▶ [Task details]:
Make an exact copy of the records, leaving out the images.

### Data shown ###

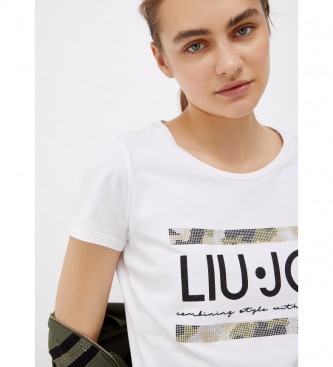 Liu Jo T-shirt con logo e strass bianchi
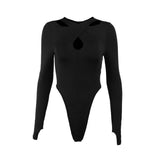 Zingj New Fashion Show Chest Hollow Out Hanging Neck Money, Sexy Slim Foundation Cross Long Sleeve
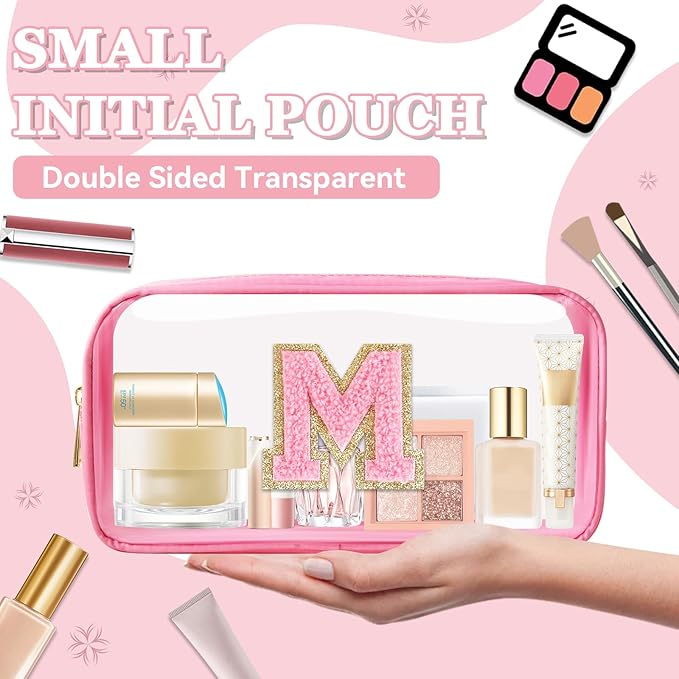 Small Clear Personalized Initial Makeup Bag,Nylon Preppy A-Z Chenille Letter Patch Cosmetic Pouch Beach Toiletry Bag,Waterproof Zipper Travel Purse Storage Bag Organizer for Women Girls(Pink-Pink M)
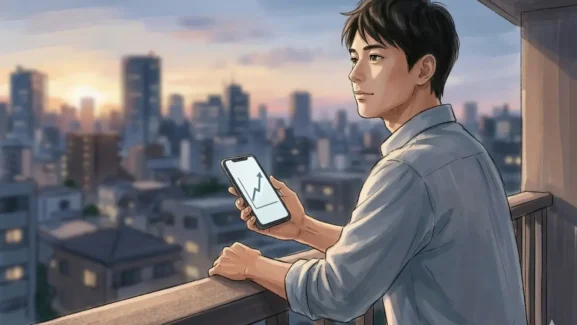 夕暮れのバルコニーで、右肩上がりの折れ線グラフが表示されたスマートフォンを眺める男性のイラスト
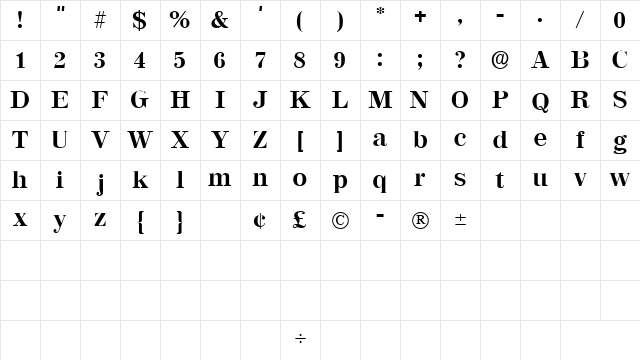 LuciaSSK Regular Character Map LuciaSSK Regular Character Map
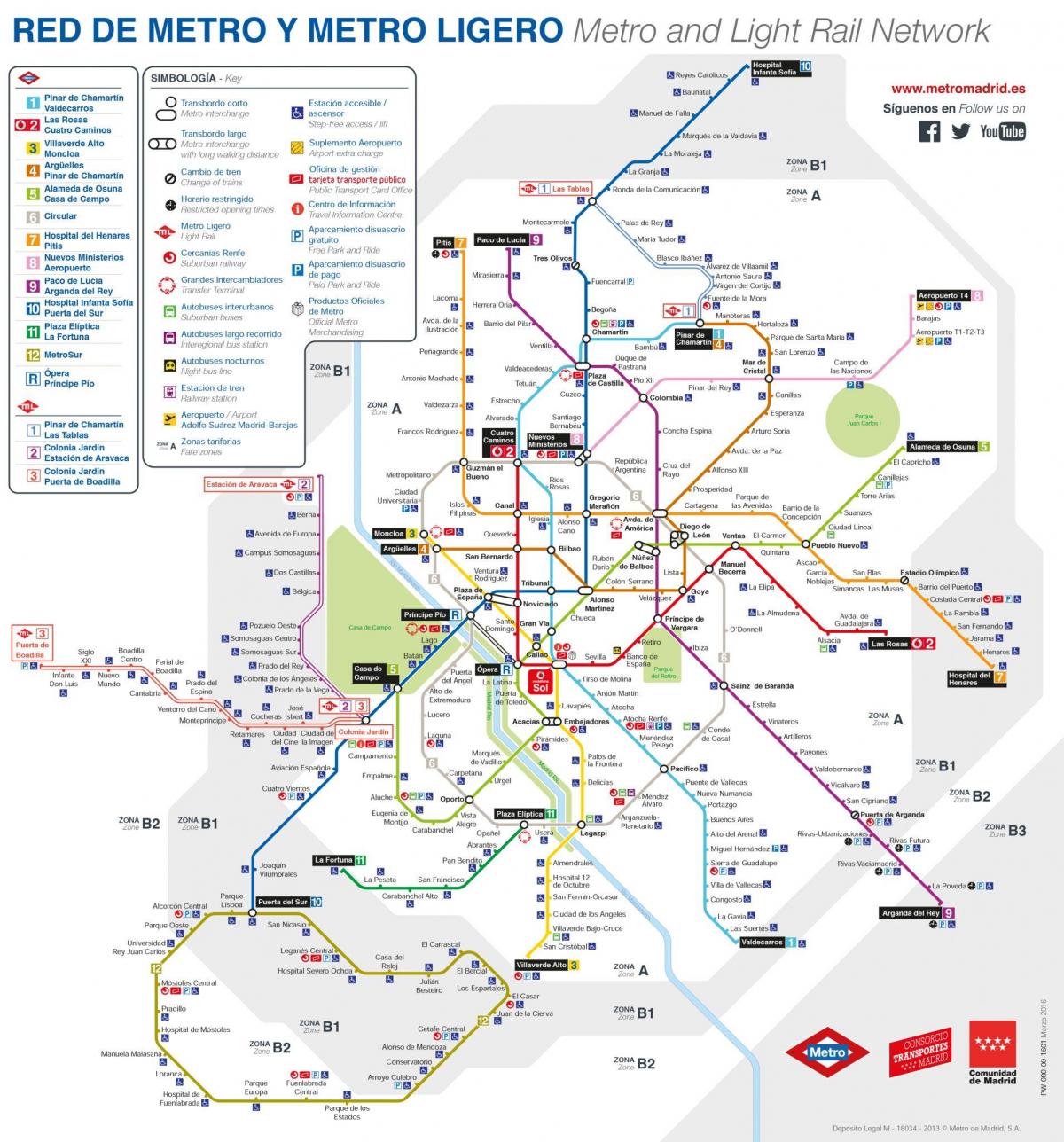 نقشه حمل و نقل عمومی مادرید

###

▶ [Answer below]:
 Liu Jo T-shirt con logo e strass bianchi
 Zingj New Fashion Show Chest Hollow Out Hanging Neck Money, Sexy Slim Foundation Cross Long Sleeve
 Small Clear Personalized Initial Makeup Bag,Nylon Preppy A-Z Chenille Letter Patch Cosmetic Pouch Beach Toiletry Bag,Waterproof Zipper Travel Purse Storage Bag Organizer for Women Girls(Pink-Pink M)
 夕暮れのバルコニーで、右肩上がりの折れ線グラフが表示されたスマートフォンを眺める男性のイラスト
 LuciaSSK Regular Character Map LuciaSSK Regular Character Map
 نقشه حمل و نقل عمومی مادرید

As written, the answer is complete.